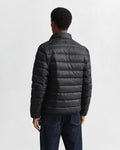 BLACK, LIGHT DOWN JACKET, BACK-VIEW BY GANT AU.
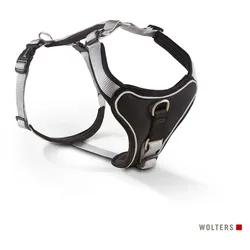 Wolters Professional Comfort Geschirr silber/schwarz 60 - 70 cm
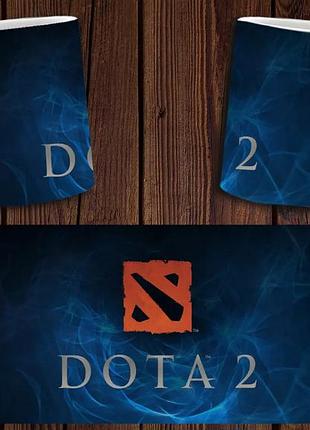 Чашка біла керамічна "dota 2" дота 2 abc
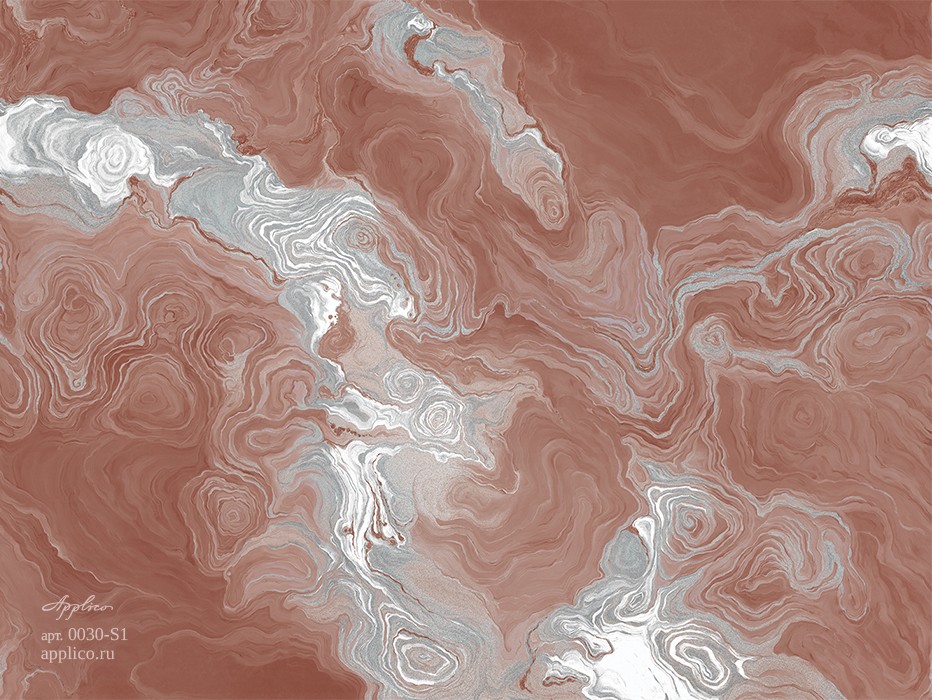 фрески Мраморный этюд в интерьере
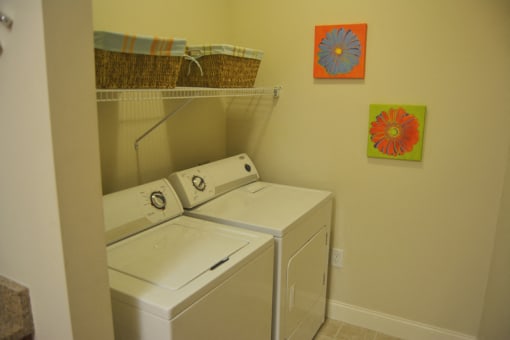 Private in home washer and dryers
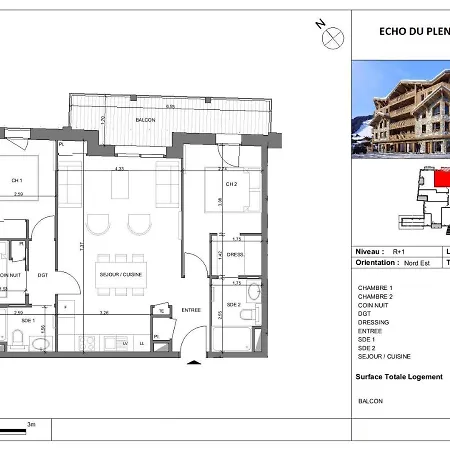 Echo Du Pleney A107 Appartement *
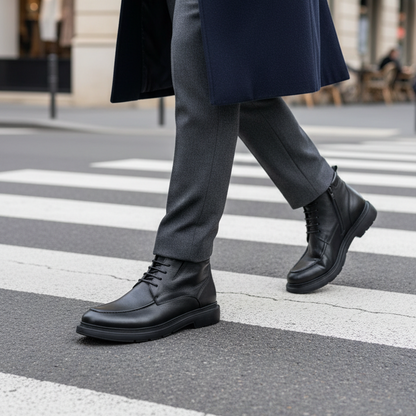 Derby Cuir Noir Luxe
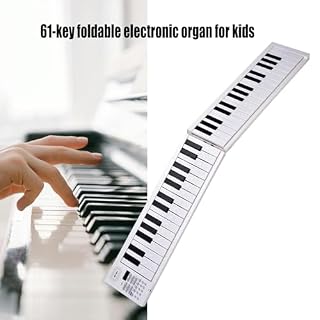 Ousidiman Piano électronique portable pliable à 61 touches Clavier de musique numérique Instrument de musique durable - Les Beatles, Paul McCartney, John Lennon, RIngo Starr, George Harrison Ousidiman Piano électronique portable pliable à 61 touches Clavier de musique numérique Instrument de musique durable – Image 2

***

Nothing except the lines from the one containing "Echo Du Pleney A107 Appartement *" through the one containing "Derby Cuir Noir Luxe" should appear in the answer, exactly as above and without pictures.

 Echo Du Pleney A107 Appartement *
 Derby Cuir Noir Luxe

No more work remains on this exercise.